# Had one on...



## kayak1979 (Jul 13, 2014)

I fished the pier at Fairport Harbor from 10:30am to 7:30pm, and I mean I fished it constant. This is what happened. I also caught a catfish which was landed and given to the one comrade on the pier. I am pretty certain I am going to just kayak fish from now on. I hate pier fishing. You're so limited to one spot. I also saw two others landed and another one that got off. I was using jig & maggot. Another was landed with jig and maggot and the other was little cleo blue and silver.


----------



## ztkaz (Sep 25, 2013)

I love that sound of the drag peeling off. Next time you take your kayak out, give me a PM I've been meaning to head up to fairport and troll, it'd be nice to have someone else around for safety & chatte!


----------



## ldrjay (Apr 2, 2009)

Oh man! To bad that one got off. Im gonna take the yak to st Claire this weekend and poke around the deep areas. See whats around.


----------



## dlancy (Feb 14, 2008)

I think we all know that feeling of loosing one after hours if fishing! Thanks for the report and video.


Posted using Outdoor Hub Campfire


----------



## MadMax1 (Aug 27, 2012)

Nice! Thanks for report! how far down did you have the jig set from the float?


Posted using Outdoor Hub Campfire


----------



## kayak1979 (Jul 13, 2014)

I had the jig 3 feet below the float.
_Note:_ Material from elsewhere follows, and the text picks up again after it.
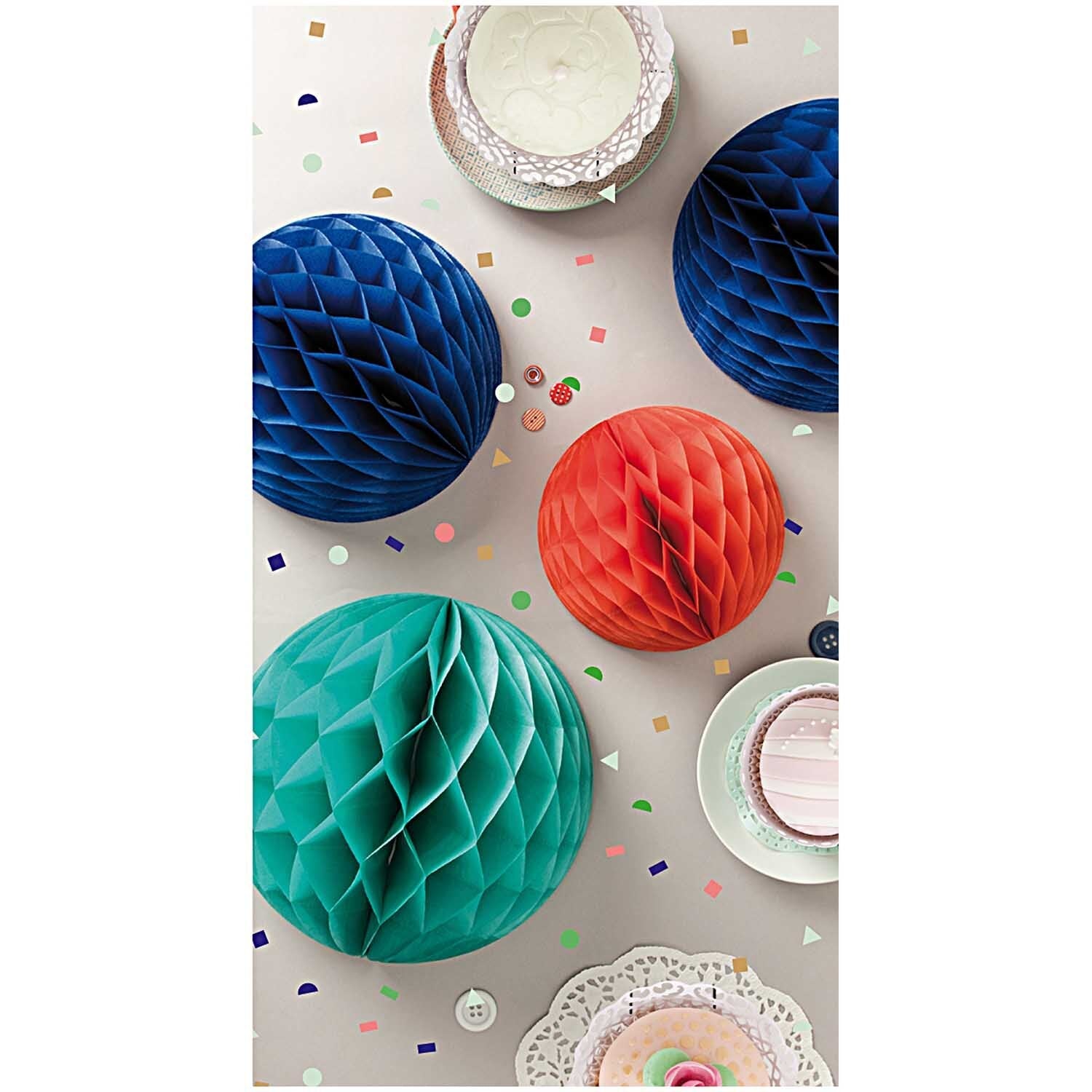 GREEN, BLUE & ORANGE HONEYCOMB BALLS | SET OF 3 - OTHERLETTERS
I was using a black jig that has a little red in the tail as well.


----------



## PatrickS (May 14, 2014)

9 hours of fishing for a few seconds of fight from a steelhead. I call that totally worth it and I am jealous! I hope the weather holds this weekend and I can get out for a few hours myself. Thanks for the report!


----------



## creekcrawler (Oct 5, 2004)

Use two rods.
One with jig-n-maggot, throw spoons with the other.


----------



## kayak1979 (Jul 13, 2014)

creekcrawler said:


> Use two rods.
> One with jig-n-maggot, throw spoons with the other.


Yep that's what I was doing all day yesterday. Spoon and jig n maggot. I was reeling in the spoon when I saw my float go under and had enough time to reach for it and grab it off the pier.


----------



## ldrjay (Apr 2, 2009)

kayak1979 said:


> Yep that's what I was doing all day yesterday. Spoon and jig n maggot. I was reeling in the spoon when I saw my float go under and had enough time to reach for it and grab it off the pier.


Next time we meet up ill show you how I rig my jigs it seems to work well. Ive lost one fish in the past 4 years this way. That fish broke the leader after I had caught 20+ fish on it. I knew i should have swapped leaders at that point.


----------



## kayak1979 (Jul 13, 2014)

Do you use fluorocarbon for a tippet?


----------



## ldrjay (Apr 2, 2009)

Yep fluro leader. I have a trick on the jig that works great. And I dont set the hook. I just reel.


----------



## bighomied (Dec 17, 2008)

ldrjay said:


> Yep fluro leader. I have a trick on the jig that works great. And I dont set the hook. I just reel.



How do you tie that because I had one take my jig after 15 min of fighting at the breakwall right in front of me I was so mad


Sent from my iPhone using Ohub Campfire


----------



## iggyfly (Jun 30, 2012)

bighomied said:


> How do you tie that because I had one take my jig after 15 min of fighting at the breakwall right in front of me I was so mad
> 
> 
> Sent from my iPhone using Ohub Campfire


Ive seen that happen there many times. For the love of god people, stop using 4 and 6# tippet. Even 8# is not necessary. I use 2x 11# trouthunter fluoro with no issues, to a 3x 8.6# th flouro if I run a dropper. Thats on a fly rod. I would def be using that 2x for jig and maggot off the piers and breakwalls. A big steelhead on open water is going to test your knots and line strength. Some of the better flouro (I.e Rio fluoroflex plus, trouthunter, etc) tend to have a slightly smaller diameter than other fluoros like Pline, meaning you can go a bit bigger. 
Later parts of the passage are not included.